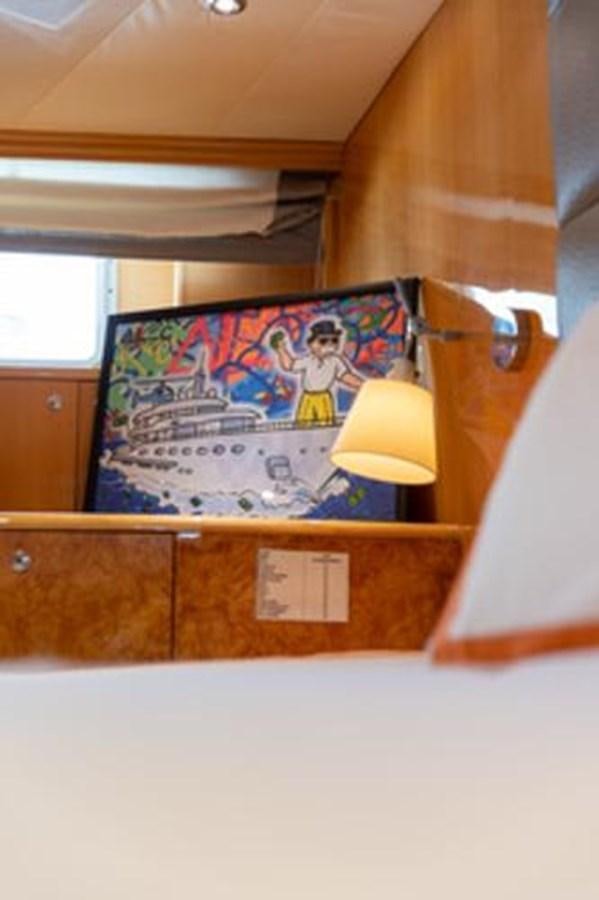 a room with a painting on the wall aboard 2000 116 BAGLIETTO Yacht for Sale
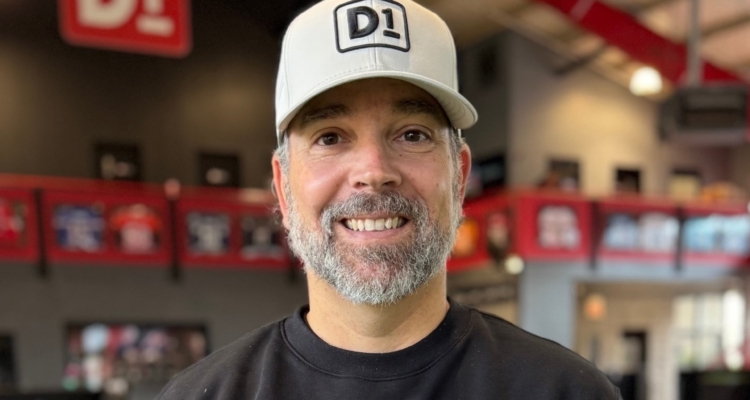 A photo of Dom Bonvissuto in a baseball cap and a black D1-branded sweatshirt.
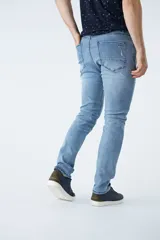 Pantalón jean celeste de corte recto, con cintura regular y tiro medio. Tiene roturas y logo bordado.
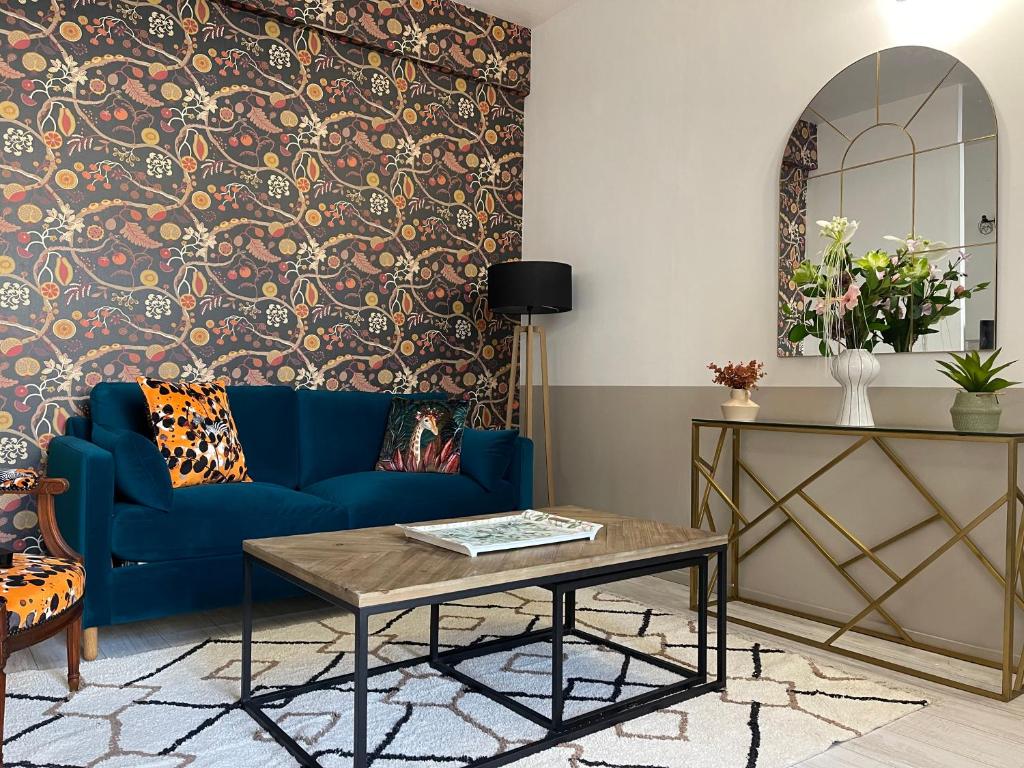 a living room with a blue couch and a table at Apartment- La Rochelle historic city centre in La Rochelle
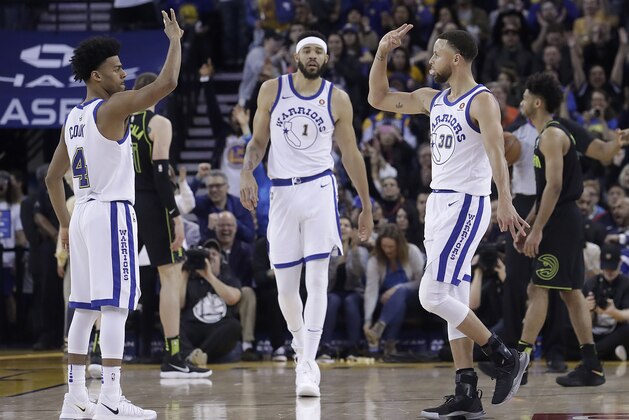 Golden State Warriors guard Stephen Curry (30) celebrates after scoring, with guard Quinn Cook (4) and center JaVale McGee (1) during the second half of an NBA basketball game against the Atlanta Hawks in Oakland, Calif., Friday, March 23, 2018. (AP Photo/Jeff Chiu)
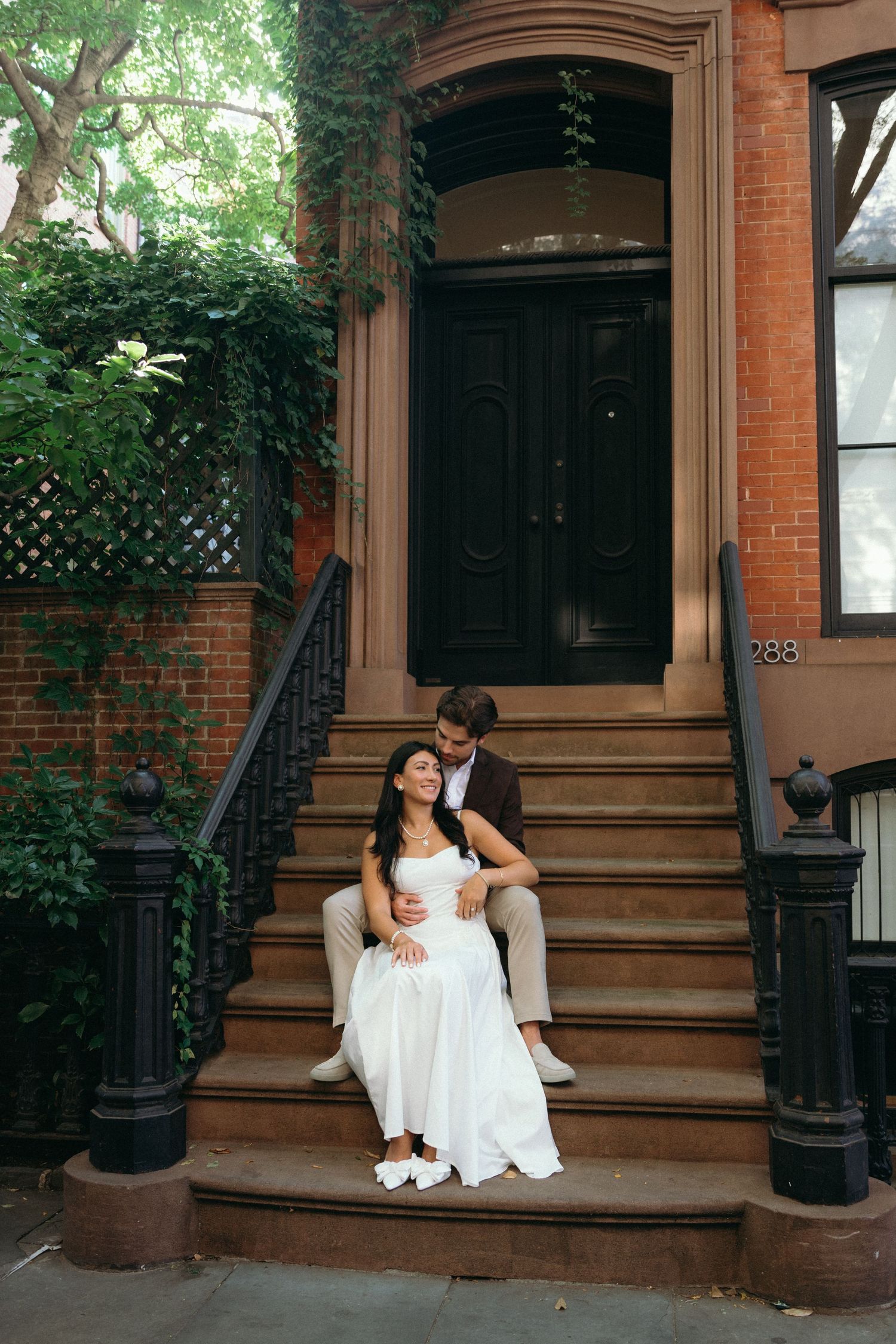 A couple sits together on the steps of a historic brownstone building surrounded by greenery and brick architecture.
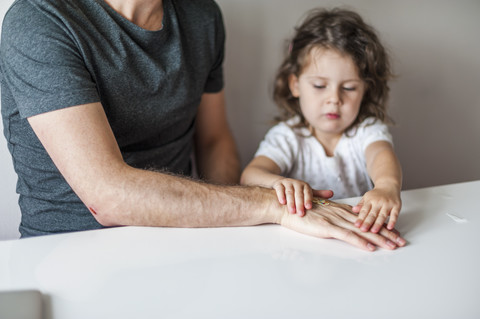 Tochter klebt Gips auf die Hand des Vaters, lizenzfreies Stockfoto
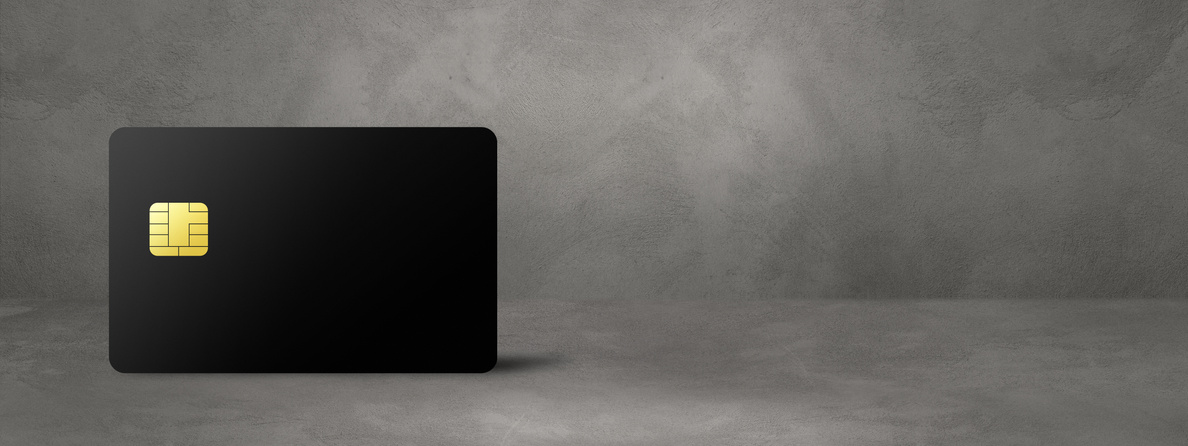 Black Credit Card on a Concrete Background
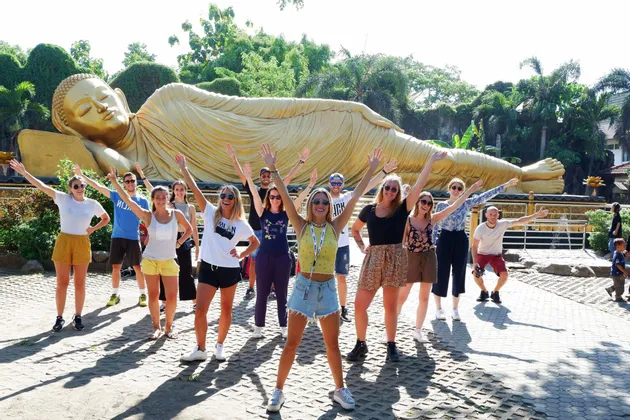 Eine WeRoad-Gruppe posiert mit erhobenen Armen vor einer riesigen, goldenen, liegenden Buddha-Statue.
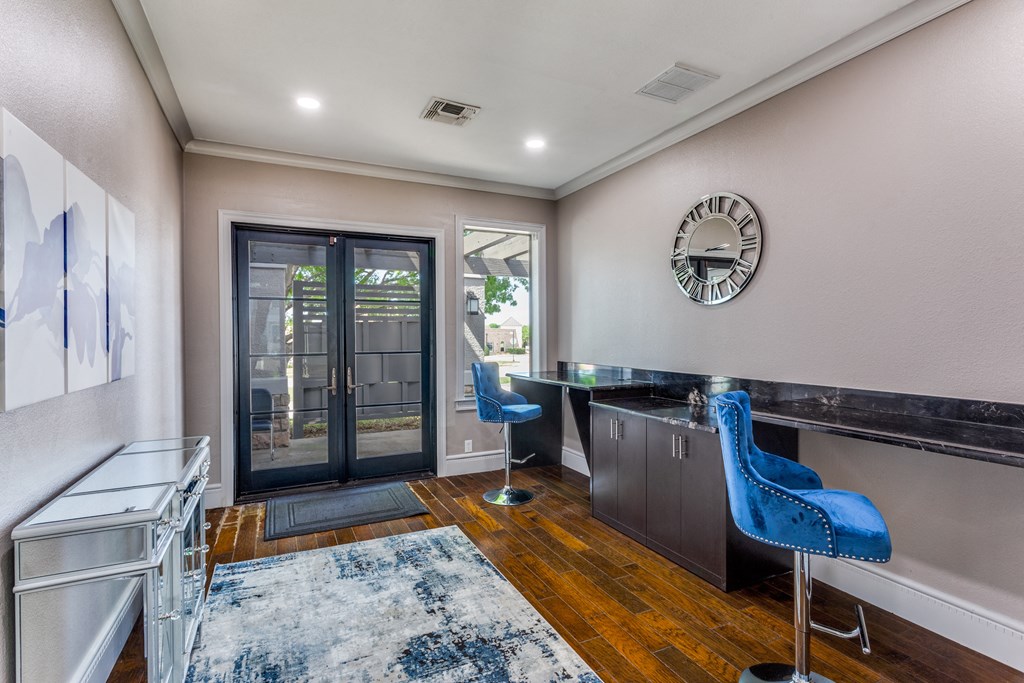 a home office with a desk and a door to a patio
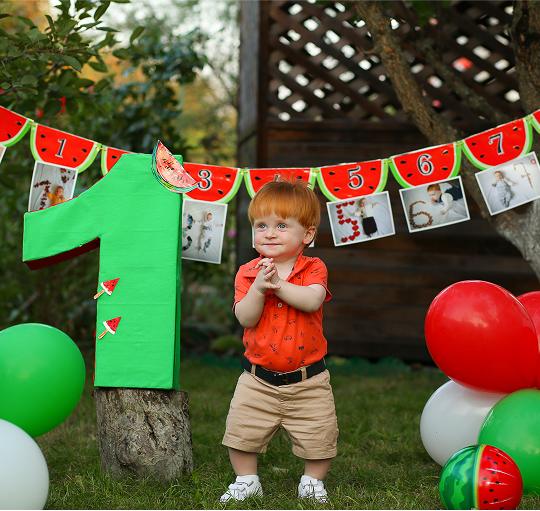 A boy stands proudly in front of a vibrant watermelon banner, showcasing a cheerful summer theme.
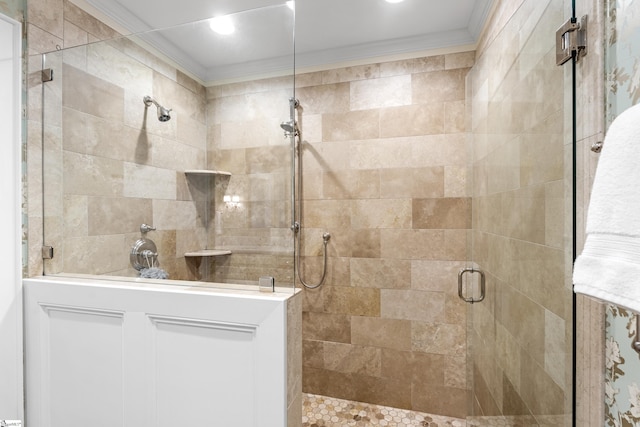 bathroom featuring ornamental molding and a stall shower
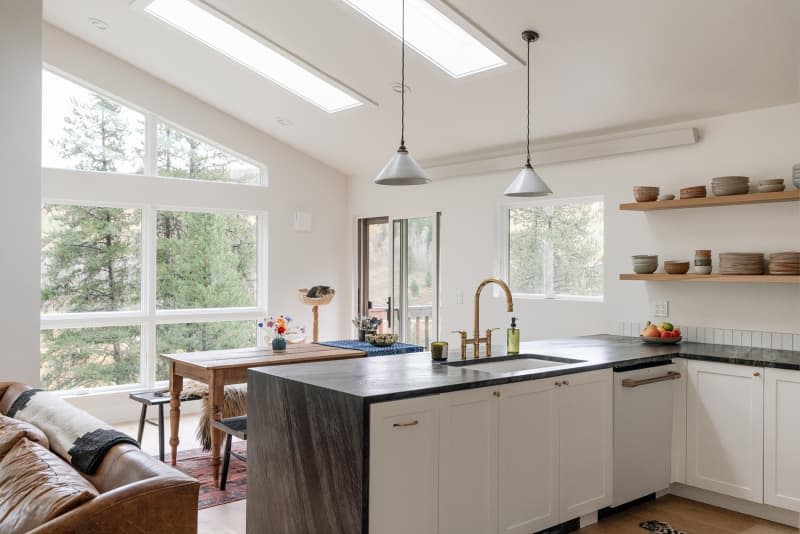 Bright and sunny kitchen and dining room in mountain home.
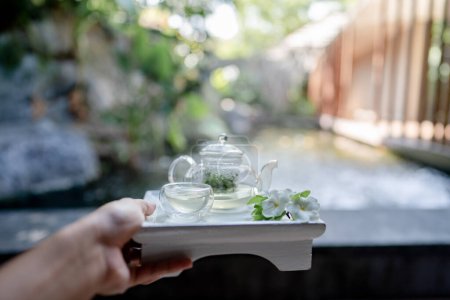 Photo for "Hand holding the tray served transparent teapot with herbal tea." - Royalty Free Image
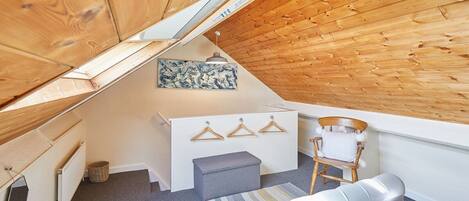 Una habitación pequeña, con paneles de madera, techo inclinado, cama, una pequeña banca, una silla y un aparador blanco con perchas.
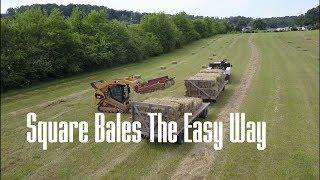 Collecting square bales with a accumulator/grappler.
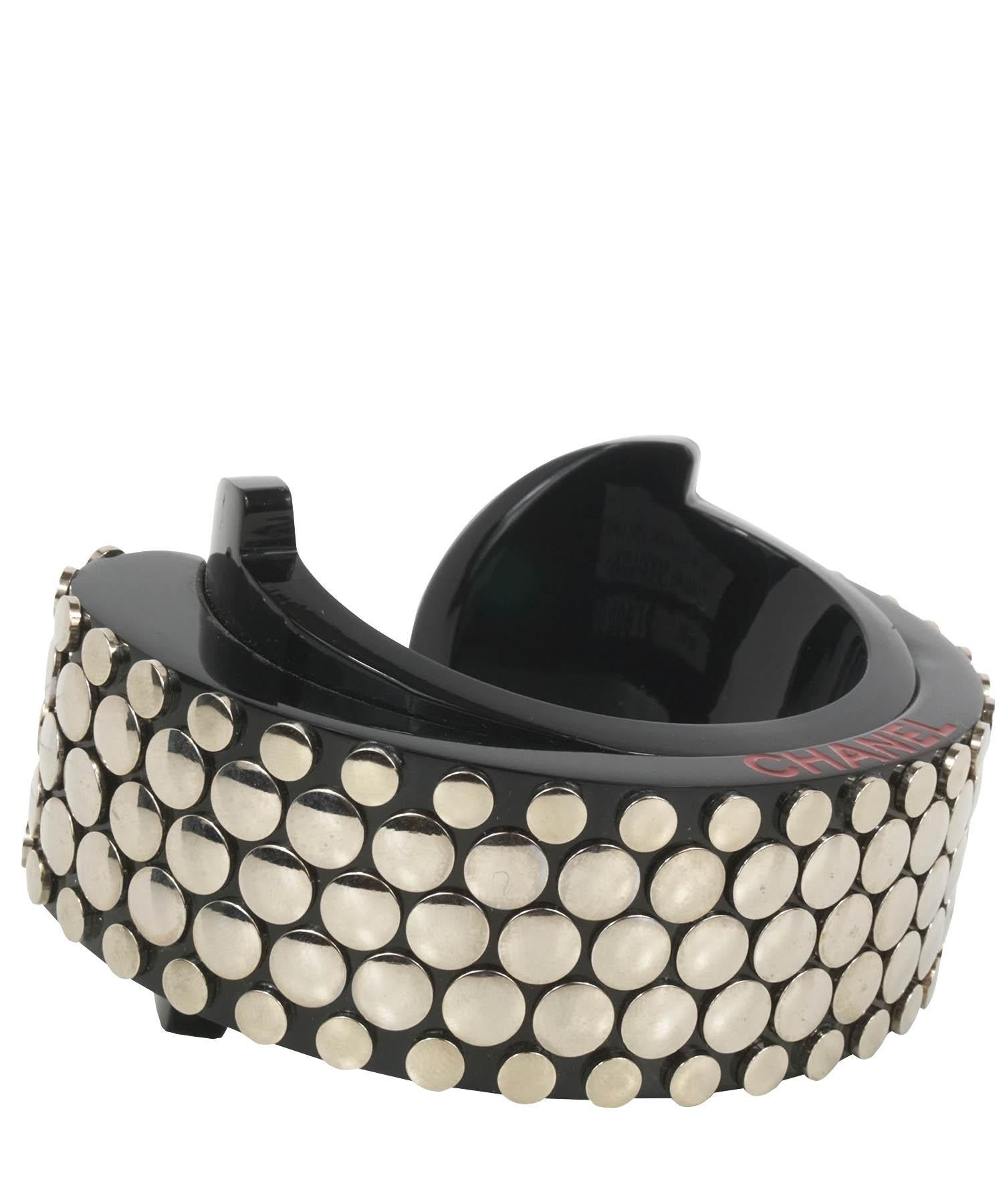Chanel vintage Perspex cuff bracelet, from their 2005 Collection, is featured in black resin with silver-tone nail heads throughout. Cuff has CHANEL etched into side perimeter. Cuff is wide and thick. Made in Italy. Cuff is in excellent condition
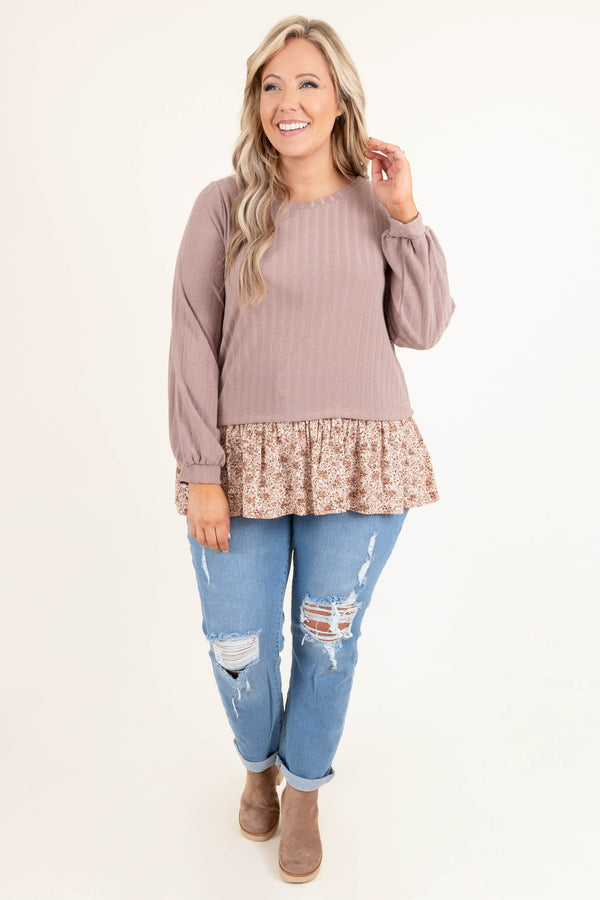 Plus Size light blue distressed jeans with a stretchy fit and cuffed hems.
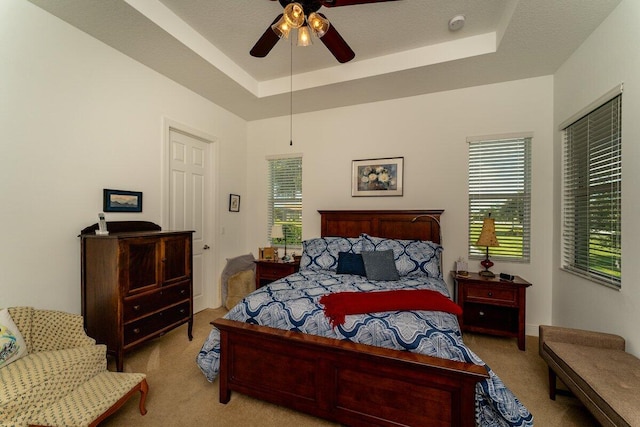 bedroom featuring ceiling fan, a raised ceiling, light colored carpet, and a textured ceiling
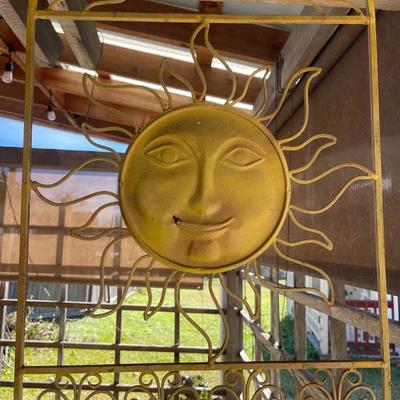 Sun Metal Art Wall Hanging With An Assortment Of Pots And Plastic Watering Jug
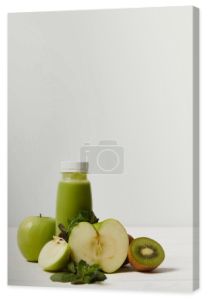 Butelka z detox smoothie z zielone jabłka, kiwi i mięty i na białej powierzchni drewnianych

....

### THE PROBLEM
Return exactly the lines of the data, beginning with the first and ending with the line containing "A couple sits". Skip the pictures.

### RESPONSE BOX
 a room with a painting on the wall aboard 2000 116 BAGLIETTO Yacht for Sale
 A photo of Dom Bonvissuto in a baseball cap and a black D1-branded sweatshirt.
 Pantalón jean celeste de corte recto, con cintura regular y tiro medio. Tiene roturas y logo bordado.
 a living room with a blue couch and a table at Apartment- La Rochelle historic city centre in La Rochelle
 Golden State Warriors guard Stephen Curry (30) celebrates after scoring, with guard Quinn Cook (4) and center JaVale McGee (1) during the second half of an NBA basketball game against the Atlanta Hawks in Oakland, Calif., Friday, March 23, 2018. (AP Photo/Jeff Chiu)
 A couple sits together on the steps of a historic brownstone building surrounded by greenery and brick architecture.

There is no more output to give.